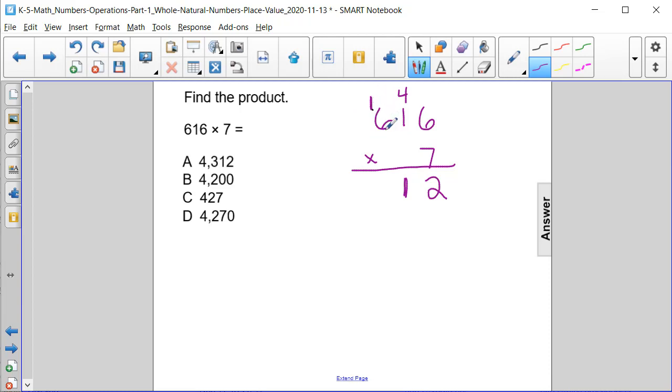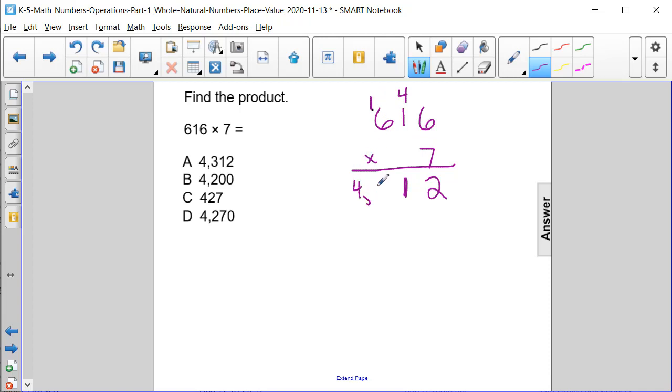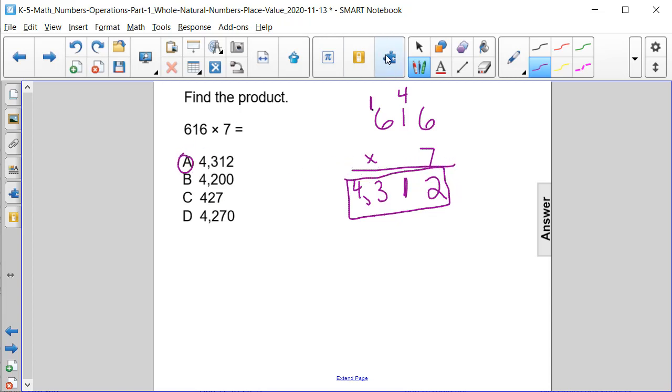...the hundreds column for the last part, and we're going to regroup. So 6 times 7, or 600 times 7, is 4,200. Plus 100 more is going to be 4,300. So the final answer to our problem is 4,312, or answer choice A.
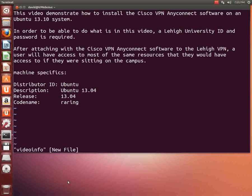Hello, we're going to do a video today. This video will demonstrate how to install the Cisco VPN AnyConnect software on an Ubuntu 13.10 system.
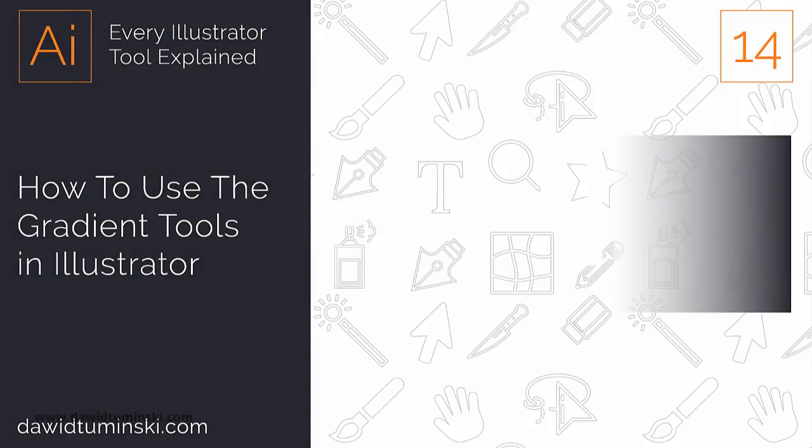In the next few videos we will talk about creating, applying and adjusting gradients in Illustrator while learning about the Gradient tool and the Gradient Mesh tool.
...
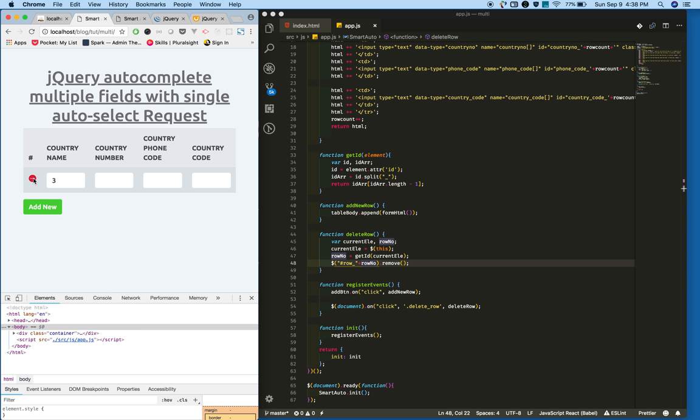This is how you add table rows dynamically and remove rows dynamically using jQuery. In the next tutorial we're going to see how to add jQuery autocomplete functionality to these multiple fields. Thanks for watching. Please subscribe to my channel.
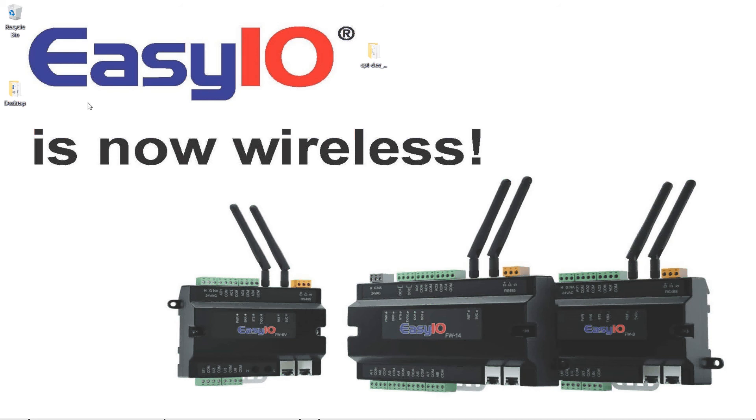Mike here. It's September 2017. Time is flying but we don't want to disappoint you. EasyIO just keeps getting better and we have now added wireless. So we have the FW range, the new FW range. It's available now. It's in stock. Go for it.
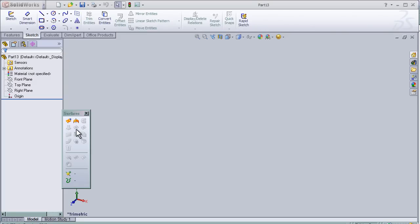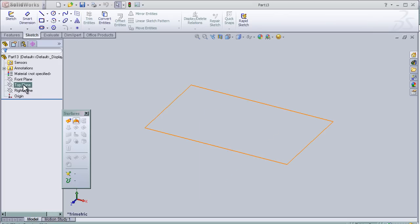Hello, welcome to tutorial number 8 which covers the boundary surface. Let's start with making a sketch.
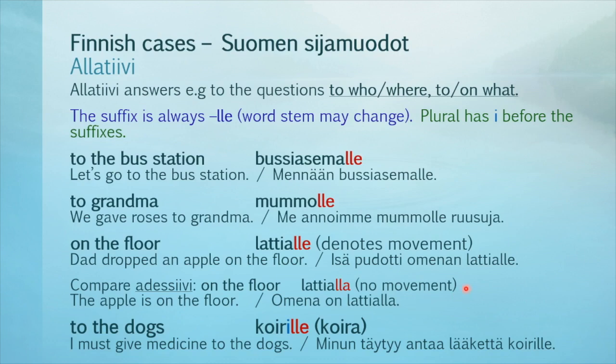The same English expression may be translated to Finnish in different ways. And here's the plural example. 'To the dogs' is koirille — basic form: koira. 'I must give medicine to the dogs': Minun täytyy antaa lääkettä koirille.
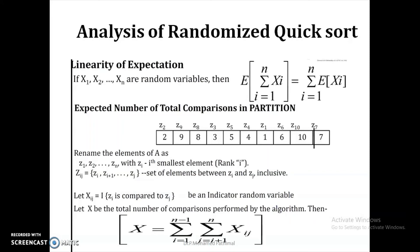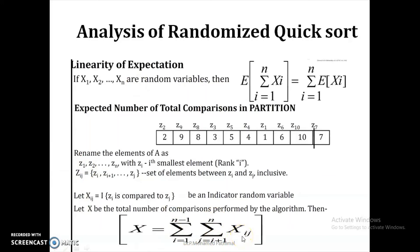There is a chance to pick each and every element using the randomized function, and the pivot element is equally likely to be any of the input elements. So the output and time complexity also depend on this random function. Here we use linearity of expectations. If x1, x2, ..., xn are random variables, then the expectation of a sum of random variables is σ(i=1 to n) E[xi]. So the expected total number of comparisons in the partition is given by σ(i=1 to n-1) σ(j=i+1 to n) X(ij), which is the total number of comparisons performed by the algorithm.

== Activity ==
From the records above, return exactly the lines running from the one that contains "Hello, we're going" down to the one that contains "In the next few", both included, without any pictures.

== Answer to the problem ==
Hello, we're going to do a video today. This video will demonstrate how to install the Cisco VPN AnyConnect software on an Ubuntu 13.10 system.
In the next few videos we will talk about creating, applying and adjusting gradients in Illustrator while learning about the Gradient tool and the Gradient Mesh tool.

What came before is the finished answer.